Open mizq7 opened 4 weeks ago
@vasanthi014, we need to check if we have duplicate concepts stored per patient for demographic informations
@vasanthi014, Can we make sure we dont have any duplicate patient records in all tables/views? Significant number of duplications is causing the error
select person_id, count(*) cn from cdm.person group by person_id order by cn desc;
@vasanthi014, I think we should look into the implementation of OMOP_PCORNET_VALUESET_MAPPING
since we have duplicate source_concept_class, adding "gender_map.pcornet_table_name = 'DEMOGRAPHIC'" will solve the issue
on demographic.sex = gender_map.PCORNET_VALUESET_ITEM
and gender_map.source_concept_class = 'Gender'
and gender_map.pcornet_table_name = 'DEMOGRAPHIC' -- extra filtering
Duplication in Procedure_Occurence table,
select procedure_occurrence_id, count() from ATLAS_MU_DEV.CDM.PROCEDURE_OCCURRENCE group by procedure_occurrence_id order by count() desc
duplicate procedure exists in the CDM
select * FROM DEIDENTIFIED_PCORNET_CDM.CDM.deid_procedures procedures where proceduresid = 12245482
Duplication in the visit occurence table,
select visit_occurrence_id, count() from ATLAS_MU_DEV.CDM.VISIT_OCCURRENCE group by visit_occurrence_id order by count() desc limit 10;
Also, duplication exisits in the CDM
duplication in measurement table,
--- measurement select MEASUREMENT_ID, count() from ATLAS_MU_DEV.CDM.measurement group by MEASUREMENT_ID order by count() desc limit 10;
Duplication existis in the CDM lab_results_cdm
Error in Drug exposure,
--- drug exposure select DRUG_EXPOSURE_ID, count() from ATLAS_MU_DEV.CDM.DRUG_EXPOSURE group by DRUG_EXPOSURE_ID order by count() desc limit 10;
select * from ATLAS_MU_DEV.CDM.DRUG_EXPOSURE where DRUG_EXPOSURE_ID = 2086775;
select * from DEIDENTIFIED_PCORNET_CDM.CDM.deid_dispensing where dispensingid = 2086775;
duplication in death table in the OMOP, CDM looks fine
-- death select person_id, count() from ATLAS_MU_DEV.CDM.death group by person_id order by count() desc limit 10;
select * from ATLAS_MU_DEV.CDM.death where person_id = 540446;
select * from DEIDENTIFIED_PCORNET_CDM.CDM.deid_death where patid = 540446;
duplication in condition occurence table, CDM looks fine,
-- condition_occurence select condition_occurrence_id, count() from ATLAS_MU_DEV.CDM.condition_occurrence group by condition_occurrence_id order by count() desc limit 10;
select * from ATLAS_MU_DEV.CDM.condition_occurrence where condition_occurrence_id = 31769352;
select * from DEIDENTIFIED_PCORNET_CDM.CDM.deid_diagnosis where diagnosisid = 31769352;
condition_era and provider should be empty if there is no mapping
@vasanthi014, Above I listed all the view and table names and their corresponding issues that needs to be fixed
@vasanthi014, Above I listed all the view and table names and their corresponding issues that needs to be fixed
Thank you @shossain-mizzou I will take a look at these issues in the data.

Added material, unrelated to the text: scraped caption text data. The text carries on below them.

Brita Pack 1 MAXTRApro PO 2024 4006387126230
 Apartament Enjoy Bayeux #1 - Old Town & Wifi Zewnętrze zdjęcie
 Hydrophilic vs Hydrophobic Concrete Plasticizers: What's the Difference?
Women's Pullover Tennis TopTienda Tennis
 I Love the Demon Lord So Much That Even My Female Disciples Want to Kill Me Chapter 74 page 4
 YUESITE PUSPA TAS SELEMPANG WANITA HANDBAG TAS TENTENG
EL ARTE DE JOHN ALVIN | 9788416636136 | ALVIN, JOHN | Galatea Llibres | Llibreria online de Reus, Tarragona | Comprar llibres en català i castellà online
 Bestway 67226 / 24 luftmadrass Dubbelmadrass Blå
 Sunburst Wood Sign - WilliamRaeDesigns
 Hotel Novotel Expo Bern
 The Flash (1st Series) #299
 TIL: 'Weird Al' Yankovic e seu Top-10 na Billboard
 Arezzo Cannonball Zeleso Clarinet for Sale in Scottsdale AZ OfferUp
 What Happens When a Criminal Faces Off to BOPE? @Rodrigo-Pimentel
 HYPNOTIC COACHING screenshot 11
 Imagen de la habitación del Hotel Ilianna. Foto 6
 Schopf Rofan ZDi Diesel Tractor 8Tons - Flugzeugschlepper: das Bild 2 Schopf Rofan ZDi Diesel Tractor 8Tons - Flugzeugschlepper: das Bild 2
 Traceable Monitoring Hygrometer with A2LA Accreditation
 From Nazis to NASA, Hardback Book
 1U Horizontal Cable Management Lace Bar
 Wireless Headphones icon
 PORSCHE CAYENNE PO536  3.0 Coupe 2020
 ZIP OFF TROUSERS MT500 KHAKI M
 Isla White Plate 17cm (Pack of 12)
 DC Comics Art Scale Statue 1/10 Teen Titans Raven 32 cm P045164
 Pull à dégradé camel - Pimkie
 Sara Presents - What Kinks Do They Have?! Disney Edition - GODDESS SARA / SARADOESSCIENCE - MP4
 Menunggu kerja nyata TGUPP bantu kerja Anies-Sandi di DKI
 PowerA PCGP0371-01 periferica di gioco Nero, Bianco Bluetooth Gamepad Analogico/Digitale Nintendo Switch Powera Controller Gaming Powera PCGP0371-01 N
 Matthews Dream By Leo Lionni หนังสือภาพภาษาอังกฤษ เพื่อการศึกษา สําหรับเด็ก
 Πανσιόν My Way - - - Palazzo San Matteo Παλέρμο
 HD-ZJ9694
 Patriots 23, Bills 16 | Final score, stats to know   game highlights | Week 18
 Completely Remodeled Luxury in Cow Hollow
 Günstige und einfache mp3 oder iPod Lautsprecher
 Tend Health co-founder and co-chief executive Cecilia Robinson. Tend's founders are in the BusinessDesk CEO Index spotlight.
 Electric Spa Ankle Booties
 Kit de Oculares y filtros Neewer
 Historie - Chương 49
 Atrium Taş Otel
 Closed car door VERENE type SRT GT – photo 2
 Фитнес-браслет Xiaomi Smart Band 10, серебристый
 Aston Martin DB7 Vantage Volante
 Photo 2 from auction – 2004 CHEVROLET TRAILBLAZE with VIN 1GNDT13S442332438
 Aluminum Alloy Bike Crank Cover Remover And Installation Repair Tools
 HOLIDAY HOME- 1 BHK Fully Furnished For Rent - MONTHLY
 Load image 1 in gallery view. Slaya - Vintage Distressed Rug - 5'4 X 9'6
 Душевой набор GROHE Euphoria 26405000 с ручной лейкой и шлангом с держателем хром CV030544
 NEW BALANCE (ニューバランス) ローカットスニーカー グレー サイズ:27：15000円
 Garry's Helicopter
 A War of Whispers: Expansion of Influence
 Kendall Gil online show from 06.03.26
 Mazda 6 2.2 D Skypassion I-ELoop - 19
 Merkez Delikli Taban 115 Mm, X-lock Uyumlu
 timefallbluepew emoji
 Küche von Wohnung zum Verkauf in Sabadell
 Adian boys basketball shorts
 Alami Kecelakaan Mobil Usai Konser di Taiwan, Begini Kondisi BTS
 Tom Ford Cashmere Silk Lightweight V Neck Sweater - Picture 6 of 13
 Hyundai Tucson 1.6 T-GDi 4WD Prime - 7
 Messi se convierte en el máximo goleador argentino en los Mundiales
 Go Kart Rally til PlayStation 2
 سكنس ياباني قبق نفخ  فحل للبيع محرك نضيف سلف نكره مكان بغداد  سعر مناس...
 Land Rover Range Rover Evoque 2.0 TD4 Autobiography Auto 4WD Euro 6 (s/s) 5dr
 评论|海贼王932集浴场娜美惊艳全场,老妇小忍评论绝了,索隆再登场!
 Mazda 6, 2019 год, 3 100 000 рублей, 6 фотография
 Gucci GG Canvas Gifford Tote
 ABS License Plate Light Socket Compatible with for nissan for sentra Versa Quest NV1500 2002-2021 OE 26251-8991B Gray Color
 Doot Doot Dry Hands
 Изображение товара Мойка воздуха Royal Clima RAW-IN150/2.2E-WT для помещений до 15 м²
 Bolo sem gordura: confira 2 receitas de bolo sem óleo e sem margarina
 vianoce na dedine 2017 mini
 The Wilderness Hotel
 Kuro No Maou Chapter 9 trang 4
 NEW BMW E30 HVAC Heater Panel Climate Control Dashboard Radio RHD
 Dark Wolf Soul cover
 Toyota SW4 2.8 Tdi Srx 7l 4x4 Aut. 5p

@vasanthi014 @shossain-mizzou Atlas' Demographics characterization is consistently calculating incorrect total percentages for subgroups such as SEX, including categories like male, female, No Information, and Unknown. These totals are erroneously exceeding the expected 100%. This issue persists across both complex queries involving over 1800 ICD/CPD codes and simpler queries with a single code. This anomaly indicates a potential systemic error in the percentage calculation or data aggregation process.
Action Item: Investigate and resolve the issue of inflated percentages in the Demographics characterization on the Atlas platform. Ensure the total for all subgroups accurately sums to 100%.
I would appreciate your quick suggestions. Please let me know if you have any question on this.